• [Task brief]:
From the entries, filter out every line that lacks "tree" and copy the rest.

== Record extracts ==

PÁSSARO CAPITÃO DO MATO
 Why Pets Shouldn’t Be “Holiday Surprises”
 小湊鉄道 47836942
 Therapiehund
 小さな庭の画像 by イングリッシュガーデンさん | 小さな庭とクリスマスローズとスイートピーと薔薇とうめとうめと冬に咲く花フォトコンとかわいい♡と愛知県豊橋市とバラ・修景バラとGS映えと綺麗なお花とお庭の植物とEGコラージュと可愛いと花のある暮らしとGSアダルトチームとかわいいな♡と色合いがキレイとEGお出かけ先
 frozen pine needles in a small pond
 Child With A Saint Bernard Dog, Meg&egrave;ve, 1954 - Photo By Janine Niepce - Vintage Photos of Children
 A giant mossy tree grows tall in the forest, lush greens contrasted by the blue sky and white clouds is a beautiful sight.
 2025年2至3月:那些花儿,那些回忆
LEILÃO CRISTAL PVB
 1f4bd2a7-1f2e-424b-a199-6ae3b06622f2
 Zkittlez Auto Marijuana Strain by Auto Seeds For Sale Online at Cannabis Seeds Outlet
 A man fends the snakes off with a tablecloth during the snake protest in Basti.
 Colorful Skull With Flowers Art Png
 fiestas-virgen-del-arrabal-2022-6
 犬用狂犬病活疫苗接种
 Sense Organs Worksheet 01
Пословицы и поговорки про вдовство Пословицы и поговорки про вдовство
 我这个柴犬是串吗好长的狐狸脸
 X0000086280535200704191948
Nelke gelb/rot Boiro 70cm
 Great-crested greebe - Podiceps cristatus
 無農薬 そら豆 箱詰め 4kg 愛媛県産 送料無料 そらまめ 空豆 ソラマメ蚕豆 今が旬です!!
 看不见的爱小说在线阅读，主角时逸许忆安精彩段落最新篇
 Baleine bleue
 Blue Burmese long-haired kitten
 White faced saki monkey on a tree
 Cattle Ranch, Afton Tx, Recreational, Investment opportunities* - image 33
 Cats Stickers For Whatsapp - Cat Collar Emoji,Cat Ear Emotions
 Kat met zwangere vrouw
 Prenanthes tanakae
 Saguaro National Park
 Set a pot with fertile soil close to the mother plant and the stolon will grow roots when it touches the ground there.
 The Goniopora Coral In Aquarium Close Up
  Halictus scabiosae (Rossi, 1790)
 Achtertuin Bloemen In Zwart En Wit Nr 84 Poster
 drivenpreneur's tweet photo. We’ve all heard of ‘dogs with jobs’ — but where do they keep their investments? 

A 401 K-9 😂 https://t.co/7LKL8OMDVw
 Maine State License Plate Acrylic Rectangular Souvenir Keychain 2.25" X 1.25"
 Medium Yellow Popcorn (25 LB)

===

• [Exercise answer]:
 A giant mossy tree grows tall in the forest, lush greens contrasted by the blue sky and white clouds is a beautiful sight.
 White faced saki monkey on a tree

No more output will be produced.